Fundamental window functions
In previous articles, we have examined how window functions work and introduced the concept of a data window, which is passed to the window function. Now it's time to look at the types of window functions available.
Types of window functions
Window functions can be divided into 3 groups:
- Aggregate window functions
- Ranking window functions
- Offset window functions
Aggregate window functions
Aggregate functions are those that perform arithmetic calculations on a data set and return a total value.
- SUM — calculates the total sum of values;
- COUNT — counts the total number of records in a column (NULL values are not counted);
- AVG — calculates the arithmetic mean;
- MAX — finds the highest value;
- MIN — determines the lowest value.
SELECT id, home_type, price, SUM(price) OVER(PARTITION BY home_type) AS 'Sum', COUNT(price) OVER(PARTITION BY home_type) AS 'Count', AVG(price) OVER(PARTITION BY home_type) AS 'Avg', MAX(price) OVER(PARTITION BY home_type) AS 'Max', MIN(price) OVER(PARTITION BY home_type) AS 'Min' FROM Rooms;
Ranking window functions
Ranking window functions are those that rank a value for each row in the window.
In ranking functions, the OVER keyword is followed by the mandatory ORDER BY condition, which determines the sorting order for ranking.
- ROW_NUMBER - returns the row number, used for numbering;
- RANK - returns the rank of each row. Here's how it works:
- Sorting: firstly, rows are sorted by one or more columns. These columns are specified in ORDER BY in the OVER clause.
- Assigning ranks: each unique row or group of rows that have the same values in the sorting columns is assigned a rank. The rank starts from 1.
- Identical values: if several rows have the same values in the sorting columns, they receive the same rank. For example, if two rows are in second place, both receive rank 2.
- Skipping ranks: after a group of rows with the same rank, the next rank increases by the number of rows in that group. For example, if two rows have rank 2, the next row will get rank 4, not 3.

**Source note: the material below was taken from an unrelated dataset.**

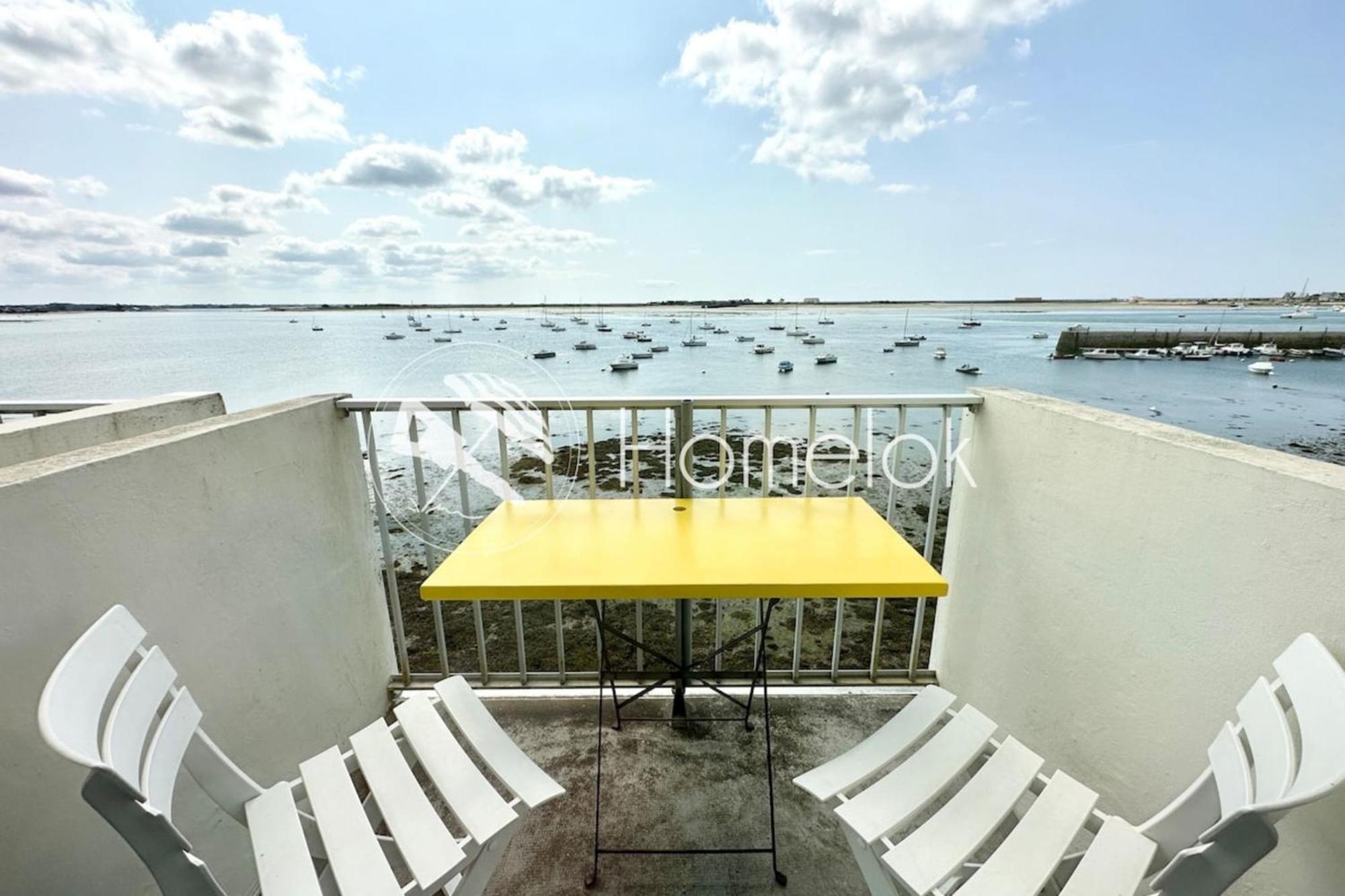 Pieds Dans L'Eau ! T2 Top Cosy Vue Mer 180 Port-Louis Eksteriør billede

- Continuing sorting: this process continues until ranks have been assigned to all rows in the result set.
- DENSE_RANK - returns the rank of each row. Unlike RANK, it returns a rank for identical values without skipping the next rank;
SELECT id, home_type, price, ROW_NUMBER() OVER(PARTITION BY home_type ORDER BY price) AS 'row_number', RANK() OVER(PARTITION BY home_type ORDER BY price) AS 'rank', DENSE_RANK() OVER(PARTITION BY home_type ORDER BY price) AS 'dense_rank' FROM Rooms;
Offset window functions
Offset window functions are those that allow moving and accessing different rows in the window relative to the current row, as well as accessing values at the beginning or end of the window.
-
LAG - accesses data from previous rows of the window.
It has three arguments: the column whose value needs to be returned, the number of rows to offset (default is 1), and the value to return if the offset returns a NULL value.
-
LEAD - accesses data from following rows. Similar to LAG, it has 3 arguments.
-
FIRST_VALUE - returns the first value in the window. Takes a column as an argument, the value of which needs to be returned.
-
LAST_VALUE - returns the last value in the window. Takes a column as an argument, the value of which needs to be returned.

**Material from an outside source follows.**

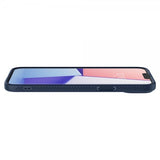 Spigen iPhone 14 Suojakuori Liquid Air Navy Blue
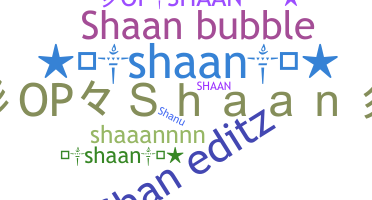 Bijnaam - Shaan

SELECT id, home_type, price, LAG(price) OVER(PARTITION BY home_type ORDER BY price) AS 'lag', LAG(price, 2) OVER(PARTITION BY home_type ORDER BY price) AS 'lag_2', LEAD(price) OVER(PARTITION BY home_type ORDER BY price) AS 'lead', FIRST_VALUE(price) OVER(PARTITION BY home_type ORDER BY price) AS 'first_value', LAST_VALUE(price) OVER(PARTITION BY home_type ORDER BY price) AS 'last_value' FROM Rooms;